• _Recorded information_:
"""

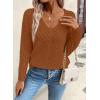 image:imageSHEWIN Womens Sweaters V Neck Long Sleeve Shirts Knit Hollow Out Crochet Sweater Fall Outfits for Women 2026Camel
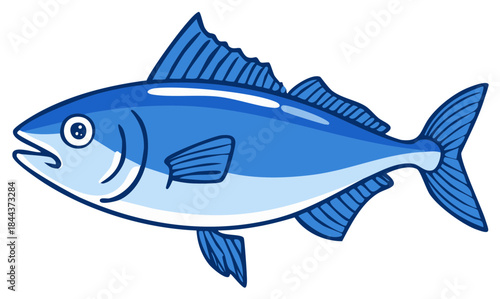 Cartoon illustration of a blue fish swimming, showing its fins, scales and big eye with open mouth
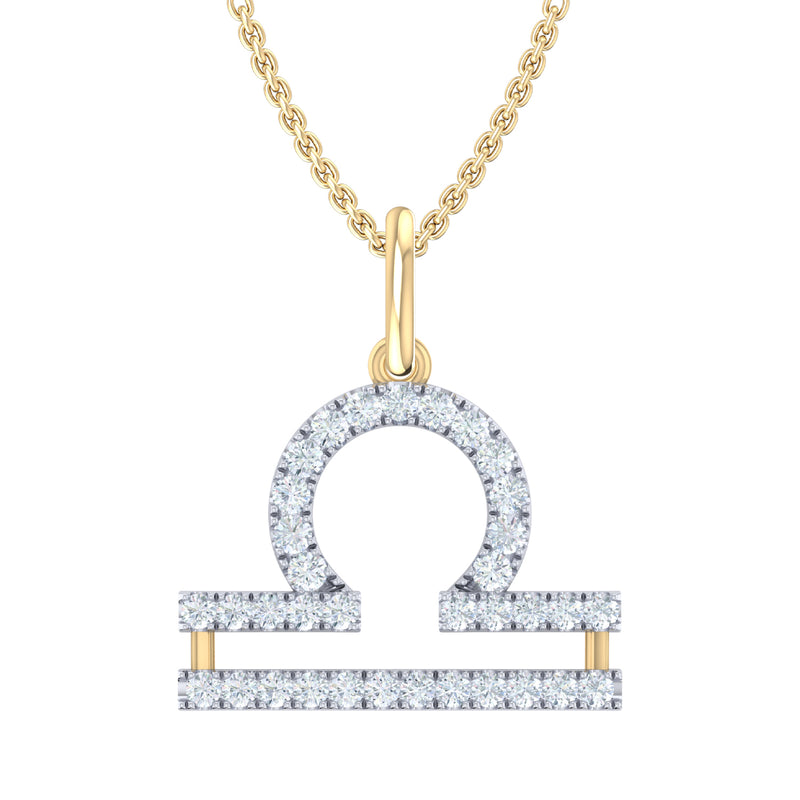 9ct Yellow Gold Round Cut 0.15 Carat tw of Diamonds Libra Pendant
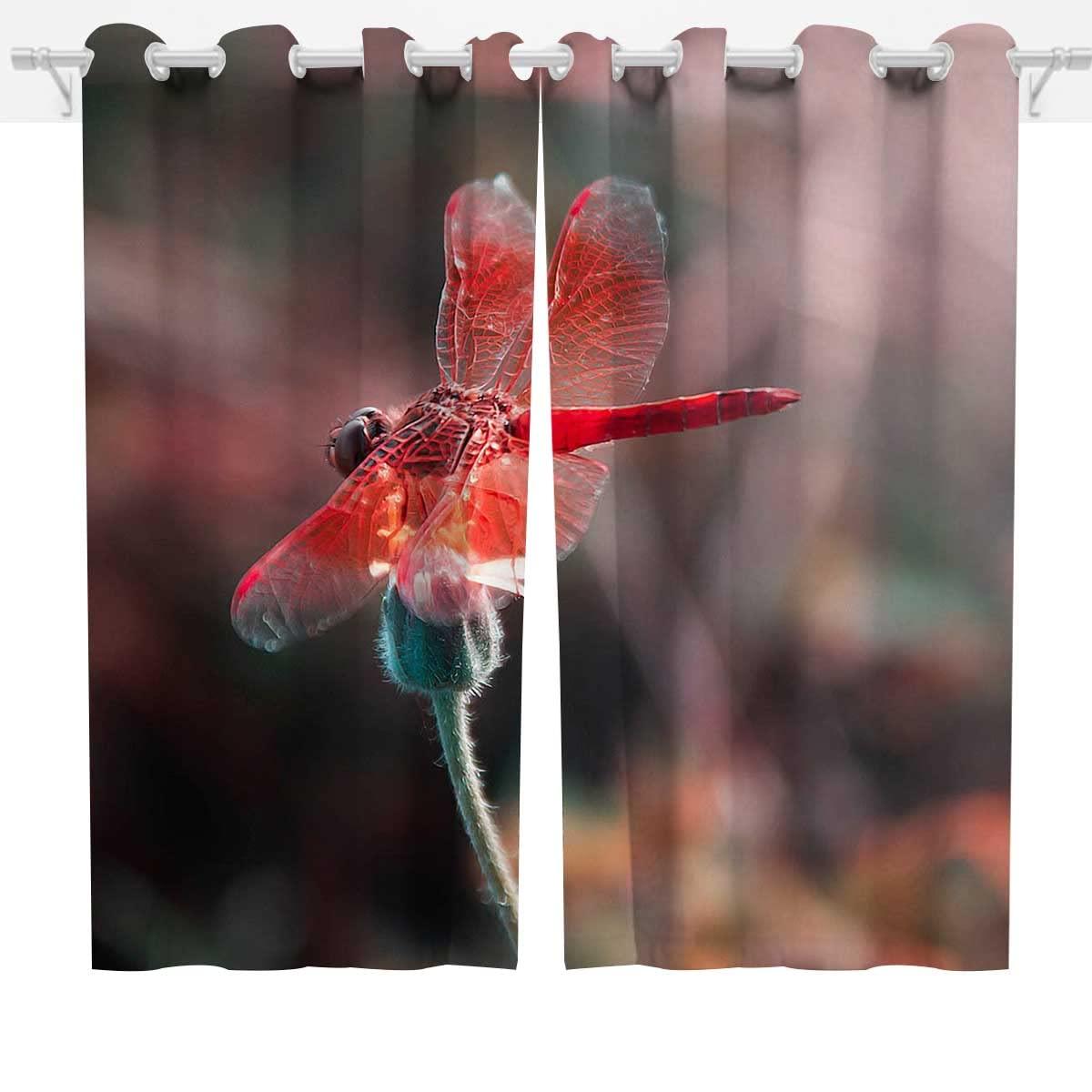 NEW-TWO Dragonfly Curtains for Sliding Glass Door 2 Panels Basement Window Curtains Livingroom Decor (W) 72 X (H) 72 Inches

"""

From the material above, copy everything exactly but the pictures.

• _Task solution_:
 image:imageSHEWIN Womens Sweaters V Neck Long Sleeve Shirts Knit Hollow Out Crochet Sweater Fall Outfits for Women 2026Camel
 Cartoon illustration of a blue fish swimming, showing its fins, scales and big eye with open mouth
 9ct Yellow Gold Round Cut 0.15 Carat tw of Diamonds Libra Pendant
 NEW-TWO Dragonfly Curtains for Sliding Glass Door 2 Panels Basement Window Curtains Livingroom Decor (W) 72 X (H) 72 Inches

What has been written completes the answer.